Alceste is the short and sombre story of a wife who gives her life to save that of her husband, King Admète of Thessaly, a deed which ultimately convinces the gods to reprieve both of them. Gluck, hoping to avoid the over-decorated vocal style then in vogue, set this plot to unadorned vocal lines to give depth to the underlying emotions. When this work premièred in Vienna in 1767, the reactions were mixed, Leopold Mozart calling it a “requiem”. The opera was not a great success until a thoroughly reworked version with a libretto in French premièred in Paris in 1776. This French-language Alceste has now been given at the Staatsoper for the first time.
The Staatsoper opted for a rather safe approach to modern direction with a production field-tested in Aix-en-Provence and Copenhagen, but this was not enthusiastically received in Vienna: the Queen of Thessaly appears on the cover of the program in a white cotton nightshirt and oversized woollen socks, and at once the heart sinks.
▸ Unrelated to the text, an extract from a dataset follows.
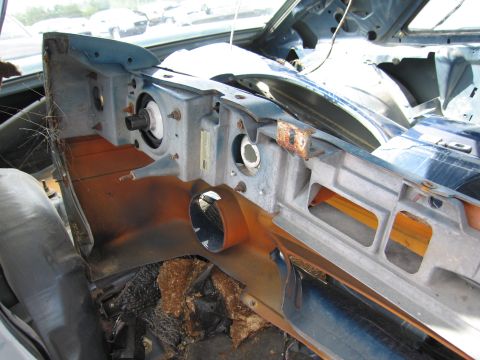 1991 Ford LTD Crown Victoria - The interior dashboard of a vehicle is shown, with significant dismantling and exposed components visible.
Christof Loy’s concept is both to separate and to connect the private and public suffering of the royal family through huge sliding doors that divide the stage. The front is an empty space, leaving ample room for the chorus scenes so important in Gluck’s “reform” operas, while the backdrop represents a bourgeois home where the deathbeds of Admète and his wife remain hidden from a curious public. This makes sense, as does portraying Alceste as a mother to her people; but how the latter is put into practice doesn’t fully convince: the chorus is costumed as early 20th-century children (sailor suits, knickerbockers, party dresses) and directed to behave as such (pulling each other’s hair or stomping their feet like infants). Comic relief in the moribund atmosphere is welcome, but turning ritual prayer into a kindergarten outing pushes the conceit a little far. Another example for this was the entrance of the infernal deity Charon harnessed like a star castrato out of Handel’s Haymarket Theatre. Other than that, things came together in Act III, where Dirk Becker’s sliding doors opened to a cabinet full of eerie dolls representing an underworld full of spirits.